The Hyatt hotel in the project will be only the second branded hotel on the Strip. The other, The Four Seasons, is hidden on the top five floors of Mandalay Bay.

Eichner said the partnership with Hyatt, with its reservation system and its gold passport database, will be critical in generating casino customers and filling the hotel Mondays through Thursdays.

Medick said one of the most expensive areas of operation for a Las Vegas property is its reservation system.

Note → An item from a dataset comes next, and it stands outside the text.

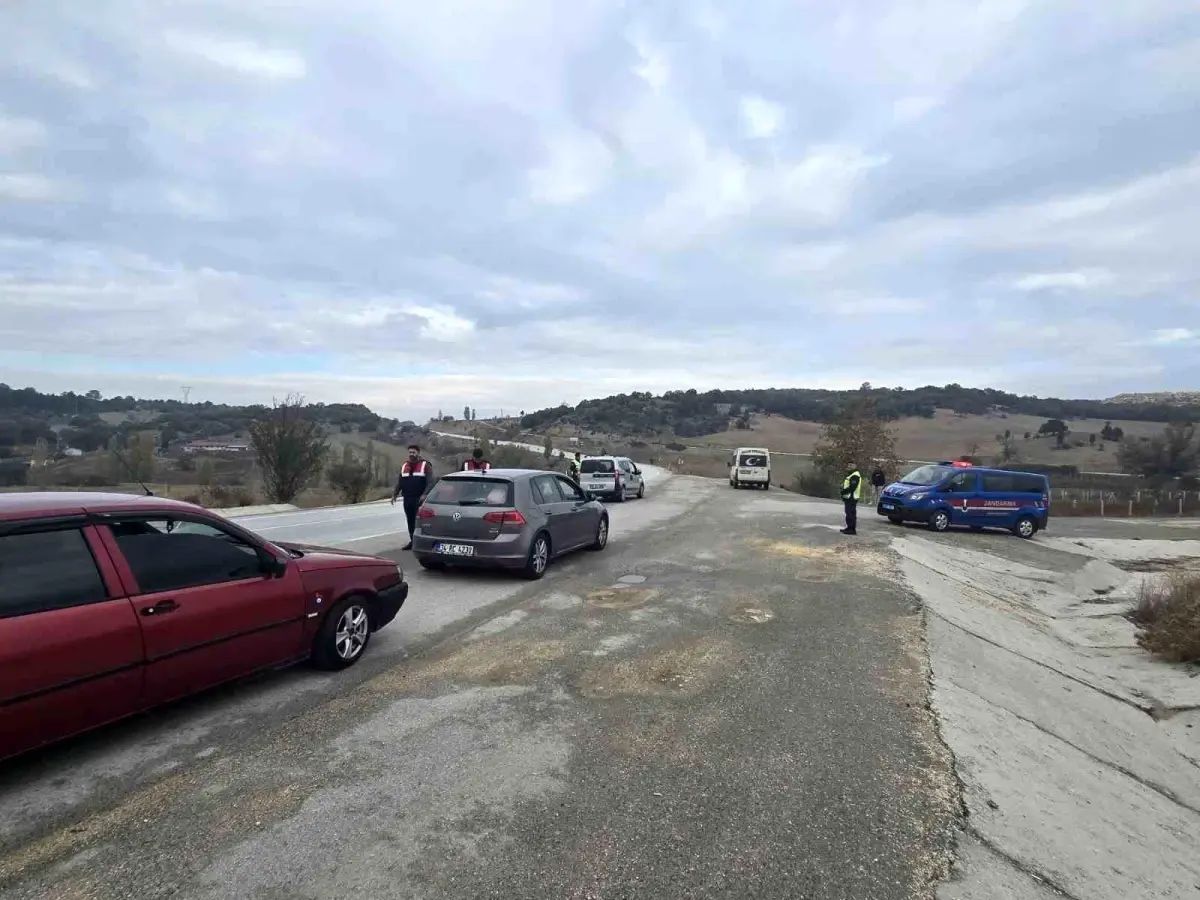 bilecikte jandarma uygulamasi 14 yakalama CHObAcf6.jpg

"This is something that other hotel properties in any other city do not have to worry about. You can book a Marriott or a Hyatt in any city with one phone call to one number," he said. "Eichner did a most impressive feat when he not only got the use of Hyatt's worldwide reservation system and database access -- something no other Las Vegas property has -- he did so without having to hang the Hyatt flag, thus keeping the Cosmopolitan looking more elite and upscale than even the finest Hyatt."

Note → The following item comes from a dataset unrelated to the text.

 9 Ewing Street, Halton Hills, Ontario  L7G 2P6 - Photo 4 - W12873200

Finally, the Cosmopolitan will feature condominiums, the first such units built directly on the Strip.

Sales of the condominiums in the Cosmopolitan will anchor the development's financing, so that when it is completed, Eichner will only have to finance $100 million of the total $1.8 billion price.

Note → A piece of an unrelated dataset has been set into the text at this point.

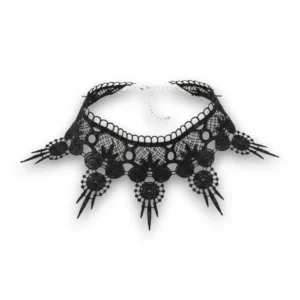 Gotik tarz siyah dantel choker boyunluk ürününün beyaz arka plandaki genel görünümü.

Eichner said recently that this is a small enough chunk that he could pay the monthly nut out of his retail operations alone if need be, making it the first development package on the Strip financed with one bank loan package.

Deutsche Bank analyst Andrew Zarnett said with the Cosmopolitan, Eichner has "first mover advantage" in addition to a great location.

"When he bought the land, people said it was ridiculous. Now, 12 months later, they say it was a great deal (for just $10 million)," he said. "Eichner had great vision to realize he could do a Manhattan-style development with the density and verticality necessary."

Zarnett said the Cosmopolitan will be a win-win for Las Vegas and for Eichner.

"Hyatt is a nonentity in Las Vegas today. They'll bring in a client base Las Vegas is missing," he said. "Plus, 1,900 condo owners will add to the visitor mix. And the density will be good for Las Vegas because there's just not as much Strip property as there used to be."

Eichner said the city and the site will help the Cosmopolitan. Las Vegas allows projects on a scale unachievable anywhere else, he said. And site constraints required that the property be developed vertically rather than horizontally, paralleling the style of development in other major cities.

"One of the major paradigms Las Vegas will embrace is people moving vertically in a space rather than walking long distances," Eichner said.